Dans quelle mesure des informations trouvées sur les réseaux sociaux peuvent-elles constituer des preuves valables dans un procès ? Rappelons qu’en matière prud’hommale, la preuve est libre.

Certaines limites ont cependant été posées. Par exemple, ne sont pas recevables les informations recueillies sur le profil d’un salarié en utilisant le portable professionnel d’un autre salarié (cour de cassation, arrêt du 20 décembre 2017). En revanche, l’employeur peut se prévaloir des échanges tenus par un salarié sur son compte Facebook avec un autre salarié, lorsque ce dernier a laissé ouvert son compte Facebook sur son ordinateur professionnel (CA Toulouse, 2 février 2018 n° 16/04882).

Vie privée d’un salarié : pas de procédé déloyal ?

Dans cette affaire, la Haute juridiction a bien reconnu une atteinte à la vie privée de la salariée de la part de l’entreprise.

Cependant, le procédé d’obtention n’était pas déloyal.

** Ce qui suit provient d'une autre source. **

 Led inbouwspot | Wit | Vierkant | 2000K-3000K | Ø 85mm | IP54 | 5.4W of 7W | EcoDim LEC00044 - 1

La cour d’appel a en effet constaté que « la publication litigieuse avait été spontanément communiquée à l’employeur par un courriel d’une autre salariée de l’entreprise ».

La preuve obtenue via stratagème est irrecevable

 

Le code de procédure civile, article 9 rend irrecevable tout ce qui est obtenu au moyen de stratagèmes variés à l’insu des personnes non-informées de l’existence du moyen de contrôle ou d’enregistrement sonore ou visuel.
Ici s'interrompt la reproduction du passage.